SPEND MONEY ON MARKETING. Other lesser-quality robotic competitions have sprung up and gotten media coverage while FIRST has not. While FIRST didn’t have this competition years before… they do now. In the early years, FIRST devoted little or no cost to marketing to the media. The other competitions have done two things that FIRST has not done to get themselves on TV, and therefore expanding their competitions:
2a. They have spent money on marketing (significant money)
2b. They have made a competition that is easy to understand and media-friendly.
MAKE TEAMS QUALIFY FOR NATIONALS. If the “national media” is going to take FIRST seriously, then FIRST needs to have a legitimate “Championship event”. These media people are not going to be inspired when they see a game that is decided on too much luck, or if they see a “box on wheels”. By FIRST initiating a qualification process to get to the Championships, this is a step in the right direction.
ALLIANCES? I am a fan of “alliances” in FIRST competitions, but the media just doesn’t get it. If FIRST is going to keep alliances, then they gotta spend much effort to make the alliance process easy to understand and explain, from qualifications to the finals. In order to bring the media on board with FIRST, they must make an effort to make alliance-type competitions understandable and excitable.
Get rid of the mindset that we are NEEDY. FIRST cannot depend on the national media to cover the Championships or any Regional just out of the goodness of their hearts… team sponsors must get involved. Many of the BIG sponsors probably would put up advertizing money if FIRST had a TV contract. I would look forward to seeing the Motorola, GM, Baxter, Computer Associates, Delphi, NASA, (etc.) commercials during a broadcasted event. FIRST should ask their major sponsors to give advertizing money to start the TV momentum rolling.
Make the game UNDERSTANDABLE. The game must be understandable and easy to explain. It can still be complex, but students should be able to explain it a reporter without the reporter putting down his/her pen 3 minutes into the explaination.
FIRST should make marketing deals (TV deals, etc.) based on business cases, not on emotional ties and relationships.

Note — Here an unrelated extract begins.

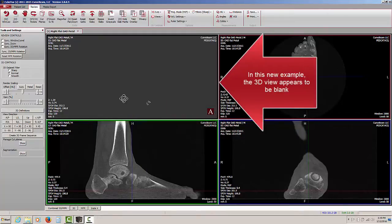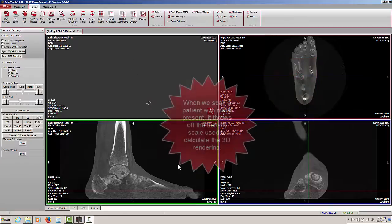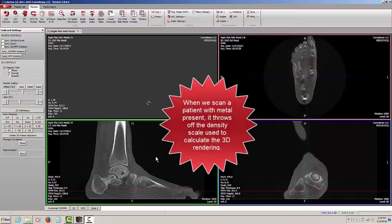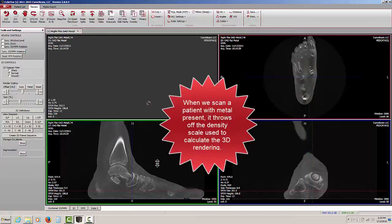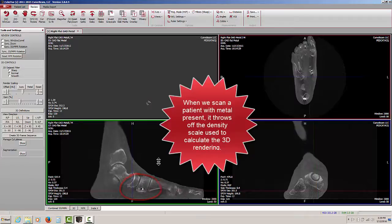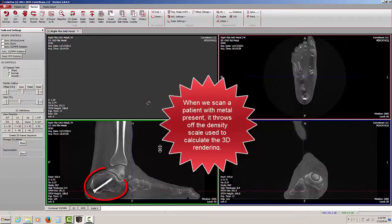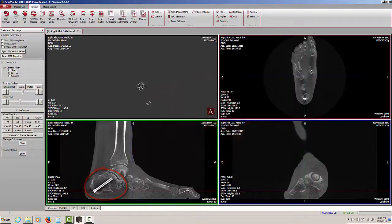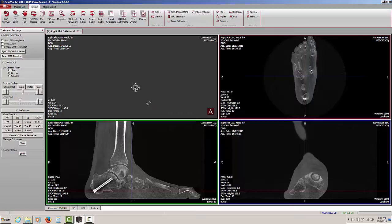In this new case I've just opened, we're looking in the upper left window for that 3D rendering, and we basically don't see anything. That's because whenever we scan a patient when there's metal present, in this case we have metal staples and a couple of metal screws in the calcaneus which we can barely make out, the presence of metal throws off the 3D rendering scaling a bit, so we have to make some adjustments to it.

FIRST is big on loyalty to suppliers and companies who have stuck with them over the years, and they are not as open to new companies who want to “get on board” now that FIRST is big. Also, the correlary to this is that FIRST needs to get over some of the impasses they have had with some companies. Two extremes in this case would be Disney and ESPN. FIRST will barely discuss the option of leaving Disney, while they probably won’t ever discuss the option of getting back on ESPN.
These opinions are debatable, that’s for sure. Along with these, there are more points out there… I’ll stop for now.